Personal injury lawyer Allen McDowell said vaccine makers were victimizing kids, and more than 20 years later, he still says the vaccine makers put money before safety.
"There's no dispute about that. They were making so much money off the old vaccine they didn't really have any incentive to improve it."
McDowell made money too. The lawyer won lots of lawsuits.
"I made -- a good chunk of money," he said.
The vaccine makers did revise the whooping cough vaccine and the new version was approved by the FDA in 1991.
"The old (whooping cough) vaccine was probably our most reactogenic vaccine, which is to say that it had the highest rate of side effects," says Offit. "I mean, it could cause seizures with fever -- although it didn't cause epilepsy, meaning the permanent seizures --[but] it certainly could trigger seizures…it caused pain and tenderness at the site of injection…it caused floppy baby syndrome, a so-called 'hypo-tonic, hypo-response' syndrome. It caused persistent, inconsolable crying. And so, there was always an interest in trying to make that vaccine safer. But the science had to catch up to that."

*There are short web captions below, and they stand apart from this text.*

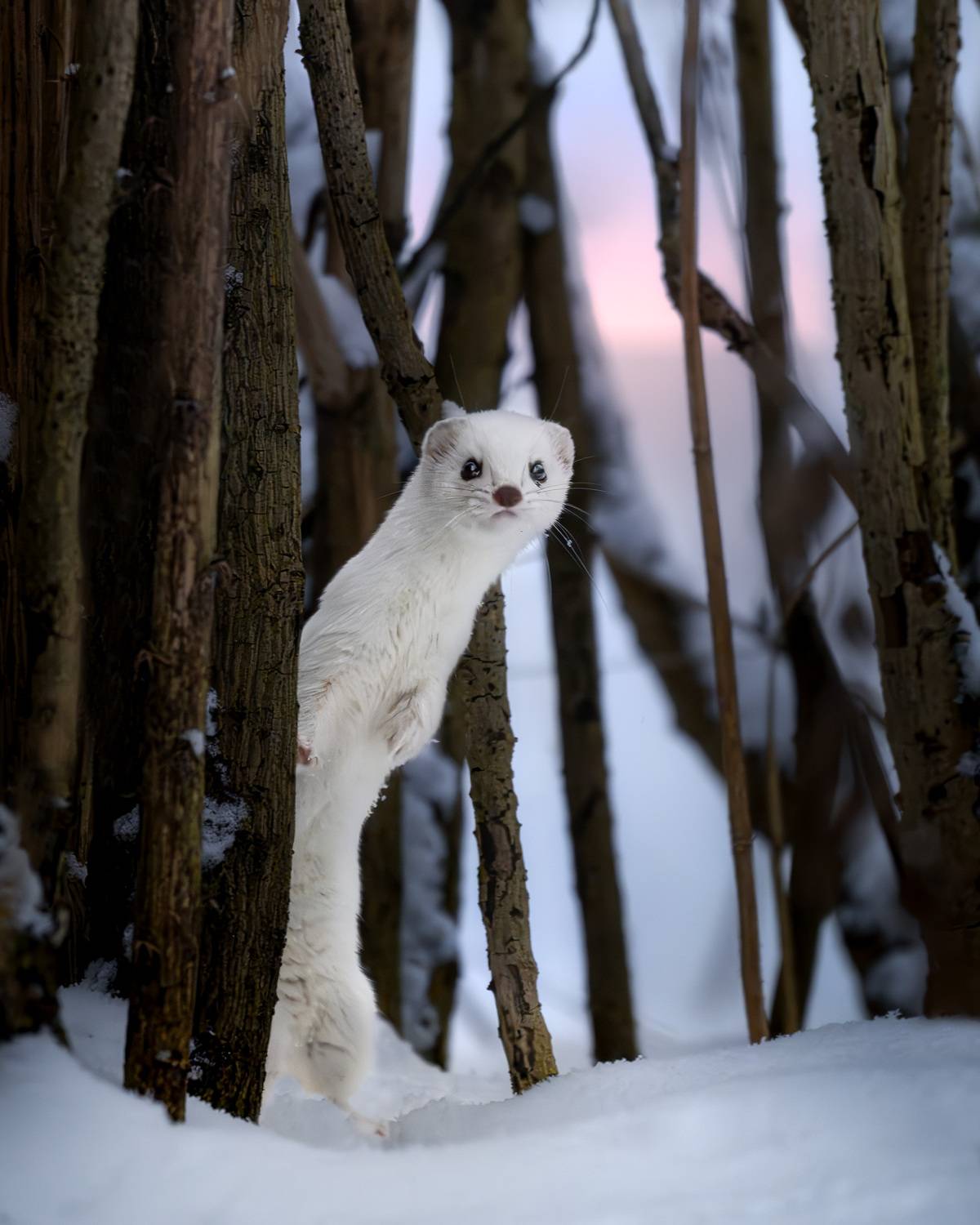 Фотография #13292345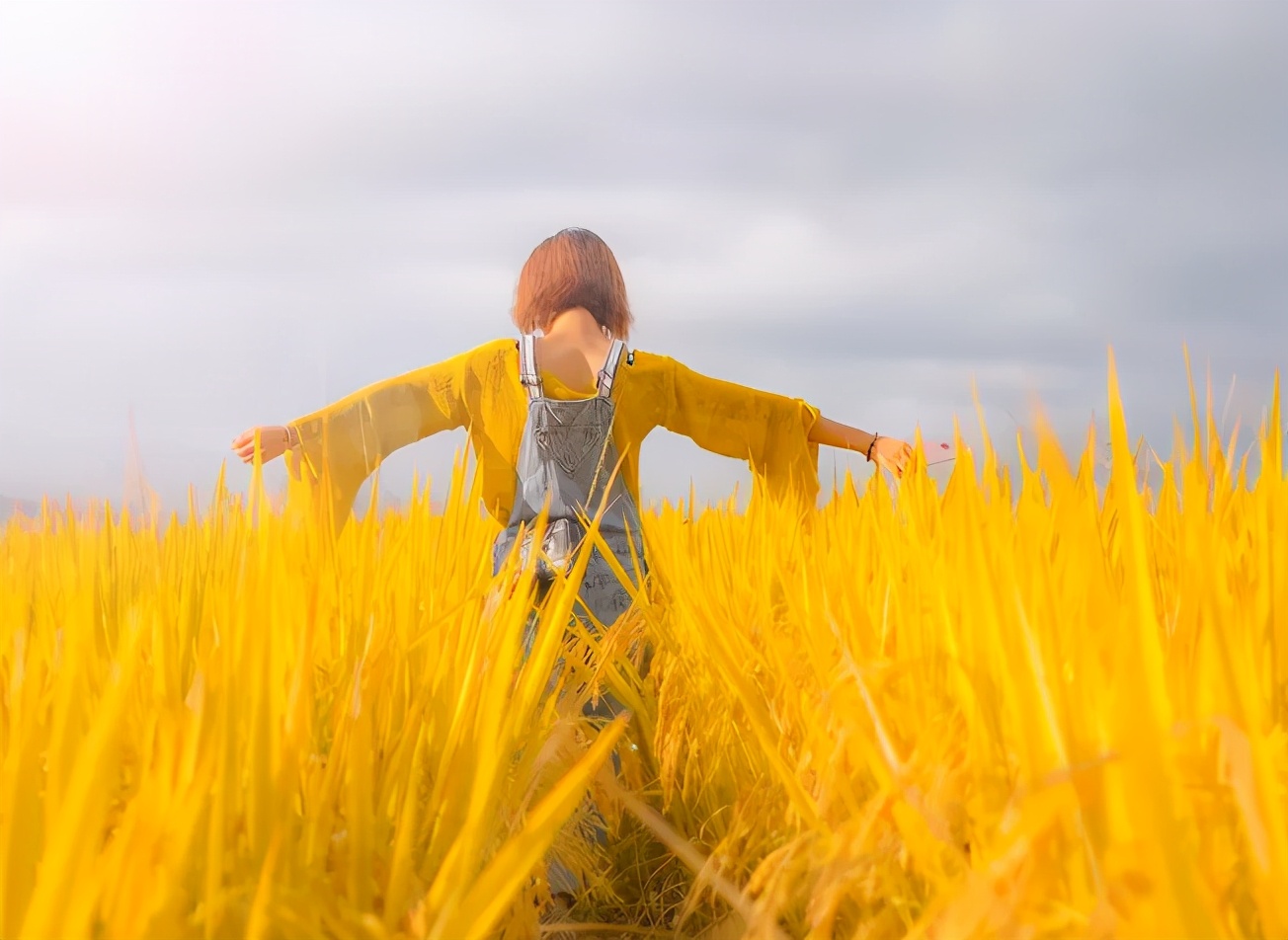 没有爱情了婚姻该怎么走下去,当你的婚姻里没有爱情怎么办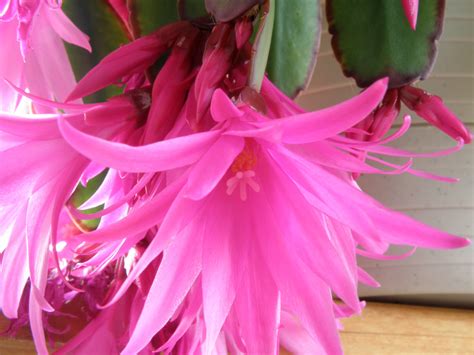 1000+ images about Christmas cactus on Pinterest | Christmas cactus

Those serious side effects were temporary, not the permanent conditions for which lawyers often sued vaccine makers. In fact, comprehensive studies also reviewed by the National Academy of Sciences did not find that the old vaccine caused SIDS or permanent brain damage.
The Benefits of Vaccinations
Lost in this debate is the disease the vaccine prevents. Whooping cough racks a baby's body with violent fits of coughing. In its most extreme form, it kills. But after "20/20'"s vaccine report, many parents told their doctors, "I'm scared of your vaccine."
I asked Dr. Richard Saphir, my children's pediatrician, what he thought of that program.
"It was certainly alarmist," he said.
In fact, when my daughter Lauren got a fever after one of the vaccines, he decided not to give her the final shot, and a short time afterward, she got whooping cough.
Dr. Saphir said that the fact that I was a "20/20" correspondent made him even more anxious about giving my daughter the vaccine.
My daughter recovered from her whooping cough. She was surprised to hear that our reporting could confuse parents and influence doctors.
"Parents go in and force their physicians to agree to not give the vaccines even though the physicians say, you're making a stupid decision?" she asked. "Then you guys are doing a really bad thing."
Parent Suzanne Walther agrees. On internet sites, Walther read so many horror stories about vaccines, that so she postponed vaccinating her daughter, Mary Catherine.
"Some of the vaccine stories said that if I had my child vaccinated they were going to die of SIDS," she said. "I'm very protective of my children, I don't want to do something to them that might cause them harm."
But not vaccinating caused harm. Mary Catherine got very sick with spinal meningitis.
"Our pediatrician put us in an ambulance to go to Vanderbilt Hospital immediately," said Walther. "It is a deadly disease. There's a huge risk of deafness, blindness, it's very painful."
Resurgence of Old Diseases
Mary Catherine recovered, but she's one of many kids who are coming down with diseases doctors once thought were nearly eradicated, like mumps, measles, and whooping cough.
These diseases are coming back because pockets of frightened parents won't vaccinate their kids, some, after they search for information and end up on websites like Barbara Loe Fisher's. I asked Fisher about how sites like hers scare parents.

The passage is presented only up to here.